Dudgeon—I can't say certainly, but believe about three yards.
Vernon—Did you view the body of the deceased whilst he lay dead in the purser's cabin?
Dudgeon—I did.
Vernon—And did you find any visible marks of violence upon him?
Dudgeon—Sir, I saw no rope, but he had a neck-cloth about his neck, and there were some marks in his neck, which looked like the scratching of nails; and I believe that he was strangled, the blood came out of his nose and mouth.
William Macguinis was in his hammock when Sir John was brought aboard, but was called up at twelve o'clock to stand sentinel in the gun-room.

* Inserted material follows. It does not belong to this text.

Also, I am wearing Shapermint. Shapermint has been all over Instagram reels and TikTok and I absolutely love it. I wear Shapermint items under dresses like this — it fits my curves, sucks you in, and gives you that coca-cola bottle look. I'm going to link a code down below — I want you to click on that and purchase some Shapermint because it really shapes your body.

I had not been long on my post before I saw the captain come down; and soon after I saw Mahony, that man there (pointing at the prisoner Mahony), also come down. I stopt him, and asked him where he was going? Damn your blood, you son of a bitch, what is that to you? How busy you make yourself. And when he came to the bottom of the cock-pit ladder I heard him say to another man, Come here, this is the way. But who it was he spake to, I know not. This was a little after two o'clock. The captain espied me, he made towards me, and waved his naked cutlass, and said, Stand back! stand back!

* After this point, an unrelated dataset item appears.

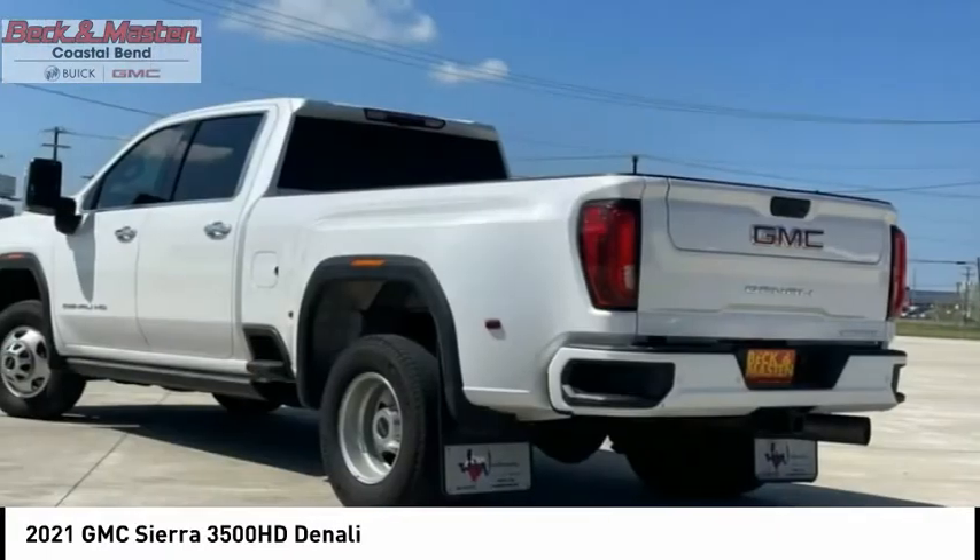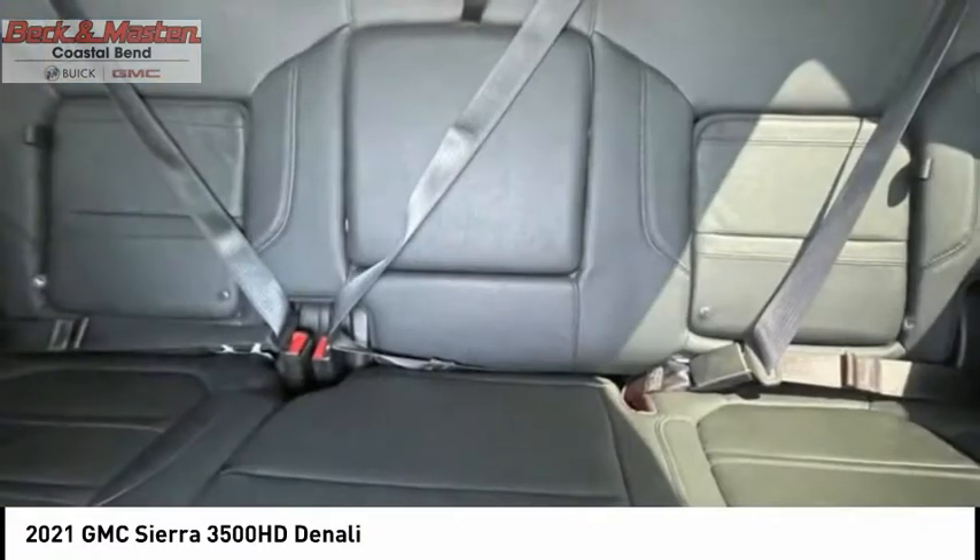If you like it online, you'll love it in your driveway. Take it for a spin today.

The captain was down in the cockpit then. Buchanan had been sentinel in the cockpit, but had been released by the captain. The witness saw Mahony go into the purser's cabin, and afterwards saw the captain and Mahony come up again from the cockpit; it was then about three o'clock.

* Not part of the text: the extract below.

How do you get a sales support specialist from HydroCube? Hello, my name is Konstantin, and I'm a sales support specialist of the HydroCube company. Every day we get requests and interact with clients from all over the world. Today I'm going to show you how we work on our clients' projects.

Walker found a watch in the necessary house in the Brockware Boat, a public-house on the Back, kept by Culliford. He searched for it by the order of the justices; when he found it, the watch was in one place, and the case in another, about a yard off.
Sarah Culliford, of the Brockware Boat, received the watch from Mahony. She had it in her possession about two hours before and two hours after he was taken up.